Browsing through these depictions of trades, I found myself drawn back to the human commonality of clothing. Covering ourselves against the weather, or adorning to display social status, has been universal to our species for aeons. Think of Penelope's loom as a plot device in the Odyssey, which was written about 675–725 BCE. From as early as the Han dynasty in China comes the Qixi Festival, whose basis is a folk tale about separated lovers, the cowherd and the weaver girl. Imported to Japan as the Star Festival, Tanabata, its general customs are the writing of wishes on slips of paper. Traditionally, girls' wishes are for better needlework skills--a reflection of the importance of weaving and sewing as women's duties in the home.

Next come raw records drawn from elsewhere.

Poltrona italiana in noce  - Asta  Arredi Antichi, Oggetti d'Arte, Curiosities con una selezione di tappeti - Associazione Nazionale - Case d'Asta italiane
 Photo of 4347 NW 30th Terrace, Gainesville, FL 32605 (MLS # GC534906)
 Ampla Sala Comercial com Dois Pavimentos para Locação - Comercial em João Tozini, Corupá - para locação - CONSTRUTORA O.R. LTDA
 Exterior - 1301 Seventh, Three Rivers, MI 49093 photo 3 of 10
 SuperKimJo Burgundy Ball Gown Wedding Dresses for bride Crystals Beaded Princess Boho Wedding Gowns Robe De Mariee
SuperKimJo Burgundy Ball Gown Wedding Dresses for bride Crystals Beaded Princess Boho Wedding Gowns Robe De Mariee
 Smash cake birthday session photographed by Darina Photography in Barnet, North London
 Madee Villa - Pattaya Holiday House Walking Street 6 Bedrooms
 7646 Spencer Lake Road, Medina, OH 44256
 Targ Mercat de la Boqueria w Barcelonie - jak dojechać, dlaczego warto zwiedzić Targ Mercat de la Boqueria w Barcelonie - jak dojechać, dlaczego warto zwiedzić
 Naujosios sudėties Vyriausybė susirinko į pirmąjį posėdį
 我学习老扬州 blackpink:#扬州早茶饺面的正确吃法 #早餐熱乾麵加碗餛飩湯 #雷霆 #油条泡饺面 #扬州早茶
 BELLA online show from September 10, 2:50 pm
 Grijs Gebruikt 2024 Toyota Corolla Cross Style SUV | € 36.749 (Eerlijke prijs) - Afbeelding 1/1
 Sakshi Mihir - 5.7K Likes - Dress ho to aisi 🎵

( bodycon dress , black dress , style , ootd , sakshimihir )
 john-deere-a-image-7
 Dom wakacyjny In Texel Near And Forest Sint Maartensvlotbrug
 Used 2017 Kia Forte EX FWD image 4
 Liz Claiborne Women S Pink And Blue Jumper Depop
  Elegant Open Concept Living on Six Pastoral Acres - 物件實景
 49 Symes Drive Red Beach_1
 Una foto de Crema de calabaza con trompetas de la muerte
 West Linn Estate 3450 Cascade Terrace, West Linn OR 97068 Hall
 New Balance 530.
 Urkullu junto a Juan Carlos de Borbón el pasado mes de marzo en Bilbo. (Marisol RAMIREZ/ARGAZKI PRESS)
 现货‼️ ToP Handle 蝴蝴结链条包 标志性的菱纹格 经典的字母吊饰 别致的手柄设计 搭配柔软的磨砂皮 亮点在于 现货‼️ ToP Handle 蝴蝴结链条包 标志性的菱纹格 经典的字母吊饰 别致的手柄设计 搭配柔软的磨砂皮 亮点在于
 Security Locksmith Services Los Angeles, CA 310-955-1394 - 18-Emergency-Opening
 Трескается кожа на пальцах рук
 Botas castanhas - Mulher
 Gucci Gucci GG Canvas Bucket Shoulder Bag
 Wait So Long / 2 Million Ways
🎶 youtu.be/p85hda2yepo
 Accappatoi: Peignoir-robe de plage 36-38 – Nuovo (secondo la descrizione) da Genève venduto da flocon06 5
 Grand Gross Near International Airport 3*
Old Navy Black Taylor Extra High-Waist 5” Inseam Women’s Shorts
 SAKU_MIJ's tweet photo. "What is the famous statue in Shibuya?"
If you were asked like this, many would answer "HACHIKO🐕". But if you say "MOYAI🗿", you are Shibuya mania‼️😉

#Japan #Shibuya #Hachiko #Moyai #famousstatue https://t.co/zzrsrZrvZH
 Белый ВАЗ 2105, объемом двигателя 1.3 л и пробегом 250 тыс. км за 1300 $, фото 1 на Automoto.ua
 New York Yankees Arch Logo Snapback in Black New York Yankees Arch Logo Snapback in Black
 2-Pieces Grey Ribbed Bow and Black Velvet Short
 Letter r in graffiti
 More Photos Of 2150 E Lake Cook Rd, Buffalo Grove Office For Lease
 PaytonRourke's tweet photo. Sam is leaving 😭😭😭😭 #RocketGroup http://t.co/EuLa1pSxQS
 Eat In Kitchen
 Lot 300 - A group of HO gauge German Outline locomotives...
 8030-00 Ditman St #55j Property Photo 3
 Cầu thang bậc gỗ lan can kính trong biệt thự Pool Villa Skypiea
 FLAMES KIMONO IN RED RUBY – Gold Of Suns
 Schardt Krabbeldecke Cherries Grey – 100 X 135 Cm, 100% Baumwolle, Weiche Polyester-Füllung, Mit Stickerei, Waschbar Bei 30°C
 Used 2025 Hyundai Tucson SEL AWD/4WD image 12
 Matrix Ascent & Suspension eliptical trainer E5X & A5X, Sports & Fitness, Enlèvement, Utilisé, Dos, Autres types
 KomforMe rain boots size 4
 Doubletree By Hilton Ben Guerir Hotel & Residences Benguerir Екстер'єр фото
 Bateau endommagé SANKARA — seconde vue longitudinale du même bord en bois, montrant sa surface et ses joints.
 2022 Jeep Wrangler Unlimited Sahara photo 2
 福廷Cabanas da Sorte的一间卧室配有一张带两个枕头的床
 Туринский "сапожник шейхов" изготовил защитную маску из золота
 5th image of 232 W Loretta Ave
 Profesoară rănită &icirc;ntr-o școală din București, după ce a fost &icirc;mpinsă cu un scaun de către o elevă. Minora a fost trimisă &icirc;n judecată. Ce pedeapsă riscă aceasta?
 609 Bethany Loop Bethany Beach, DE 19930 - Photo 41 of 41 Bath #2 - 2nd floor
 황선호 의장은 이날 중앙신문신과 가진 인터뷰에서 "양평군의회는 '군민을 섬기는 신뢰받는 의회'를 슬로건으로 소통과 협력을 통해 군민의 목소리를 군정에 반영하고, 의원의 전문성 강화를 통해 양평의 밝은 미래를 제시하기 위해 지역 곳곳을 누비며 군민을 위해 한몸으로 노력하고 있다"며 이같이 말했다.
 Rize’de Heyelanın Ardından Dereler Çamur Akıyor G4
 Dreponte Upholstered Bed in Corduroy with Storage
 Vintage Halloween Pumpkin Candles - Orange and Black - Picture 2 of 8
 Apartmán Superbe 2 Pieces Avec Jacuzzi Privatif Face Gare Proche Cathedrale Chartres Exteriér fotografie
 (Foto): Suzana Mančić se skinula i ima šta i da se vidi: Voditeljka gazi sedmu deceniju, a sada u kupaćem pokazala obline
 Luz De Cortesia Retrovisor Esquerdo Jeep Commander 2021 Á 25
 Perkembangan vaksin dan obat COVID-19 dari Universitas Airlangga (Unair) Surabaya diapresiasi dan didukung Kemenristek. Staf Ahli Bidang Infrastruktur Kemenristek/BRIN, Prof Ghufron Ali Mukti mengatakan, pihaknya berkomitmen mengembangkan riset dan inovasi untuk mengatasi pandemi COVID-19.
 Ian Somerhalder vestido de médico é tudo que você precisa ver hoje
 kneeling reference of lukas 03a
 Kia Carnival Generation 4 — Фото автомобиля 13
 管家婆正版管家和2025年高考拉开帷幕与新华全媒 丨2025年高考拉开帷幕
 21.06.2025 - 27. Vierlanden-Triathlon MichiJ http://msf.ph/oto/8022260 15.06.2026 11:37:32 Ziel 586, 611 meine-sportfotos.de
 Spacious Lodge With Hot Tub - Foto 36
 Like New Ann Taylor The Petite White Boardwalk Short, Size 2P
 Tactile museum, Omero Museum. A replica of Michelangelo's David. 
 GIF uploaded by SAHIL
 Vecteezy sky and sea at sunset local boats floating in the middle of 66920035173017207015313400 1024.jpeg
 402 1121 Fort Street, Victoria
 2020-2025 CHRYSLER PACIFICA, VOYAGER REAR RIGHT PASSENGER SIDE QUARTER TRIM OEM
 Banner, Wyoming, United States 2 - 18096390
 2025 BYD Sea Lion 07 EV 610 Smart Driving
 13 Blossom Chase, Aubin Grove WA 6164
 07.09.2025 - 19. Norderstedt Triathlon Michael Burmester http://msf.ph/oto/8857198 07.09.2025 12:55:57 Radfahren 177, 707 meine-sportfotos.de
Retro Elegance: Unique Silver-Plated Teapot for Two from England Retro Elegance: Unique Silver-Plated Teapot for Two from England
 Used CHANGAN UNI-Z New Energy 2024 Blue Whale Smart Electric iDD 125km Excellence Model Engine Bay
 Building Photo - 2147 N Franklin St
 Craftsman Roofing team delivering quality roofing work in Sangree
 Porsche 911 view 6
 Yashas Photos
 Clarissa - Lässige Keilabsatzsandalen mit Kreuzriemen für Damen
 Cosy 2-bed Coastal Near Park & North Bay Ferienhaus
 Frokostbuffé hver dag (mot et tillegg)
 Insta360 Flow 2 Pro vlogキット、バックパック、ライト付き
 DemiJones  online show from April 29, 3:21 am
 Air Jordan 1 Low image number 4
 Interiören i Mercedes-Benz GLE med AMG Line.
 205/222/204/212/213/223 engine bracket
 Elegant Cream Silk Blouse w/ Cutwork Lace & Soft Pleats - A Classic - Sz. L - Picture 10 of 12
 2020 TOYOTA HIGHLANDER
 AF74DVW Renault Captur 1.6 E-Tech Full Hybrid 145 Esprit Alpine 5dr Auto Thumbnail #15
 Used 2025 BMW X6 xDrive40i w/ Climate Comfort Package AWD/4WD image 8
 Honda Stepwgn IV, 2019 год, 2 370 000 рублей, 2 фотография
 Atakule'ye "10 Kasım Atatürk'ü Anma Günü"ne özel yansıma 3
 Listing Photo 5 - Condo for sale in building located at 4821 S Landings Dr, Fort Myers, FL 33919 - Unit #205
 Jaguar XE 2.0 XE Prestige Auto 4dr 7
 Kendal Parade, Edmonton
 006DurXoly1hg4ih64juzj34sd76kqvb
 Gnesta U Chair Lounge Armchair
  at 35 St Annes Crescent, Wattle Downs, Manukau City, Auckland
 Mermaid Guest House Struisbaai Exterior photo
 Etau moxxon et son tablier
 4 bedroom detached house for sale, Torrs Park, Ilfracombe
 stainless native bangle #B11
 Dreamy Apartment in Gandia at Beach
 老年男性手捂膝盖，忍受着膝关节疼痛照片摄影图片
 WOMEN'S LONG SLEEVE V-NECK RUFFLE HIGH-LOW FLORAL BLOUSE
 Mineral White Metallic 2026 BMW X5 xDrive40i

An entry in Greve's World Kigo Database includes lists of kigo related to the growing and processing of cotton, silk, and hemp, and I've also found an informative website called Kimonoboy's Japanese Folk Textiles that outlines the history of these fibers in Japanese weaving. Because I originally trained as an historian of the Western Middle Ages and knew something about wool and tapestry weaving in Northern Europe, I chose to narrow in on weaving. I began to search for graphics for the issue, and quickly learned that women weaving was a common topic in ukiyo-e. The setting may be a cottage signified by a rural background; the woman may be solitary, or with helpers, and achild may be playing underfoot. Headscarves, loosened clothing and stray locks of hair signify the physicality of this work:
I became intrigued at the parallels between Japanese western industrialization as textiles developed from a domestic craft to cottage industry to large, mechanized mills reminiscent of New England. A few more selections:
As I turned to find haiku to accompany this essay, a search through the old masters turned up poems by Kobayashi Issa about sericulture, references to cotton and hemp fabrics, and a few that reference looms (including one about the sound of insects on Tanabata), but little caught my eye until Google delivered a five-line waka by Otagaki Rengetsu (1791-1875):
Five years ago I'd been entranced by a Rengetsu ware tea bowl in the Art Gallery of New South Wales, so this was a welcome chance to learn more about a remarkable 19th century Buddhist nun, poet, calligrapher, and ceramic artist. Born to samurai family, she was given to be a lady-in-waiting at Kameoka Castle. Reportedly, she had been a beauty when young and had received an upper class girl's education in classic literature, dance, sewing, tea ceremony and—yes, martial arts. With divorce, the early deaths of a second husband, four children, and her adoptive parents, she chose to become a nun and took on the name Rengetsu (Lotus Moon). Her life was peripatetic until 1865 when she settled at the Jinkō-in temple near Kyoto and became a beloved presence, almost an object of pilgrimage, among locals and admirers.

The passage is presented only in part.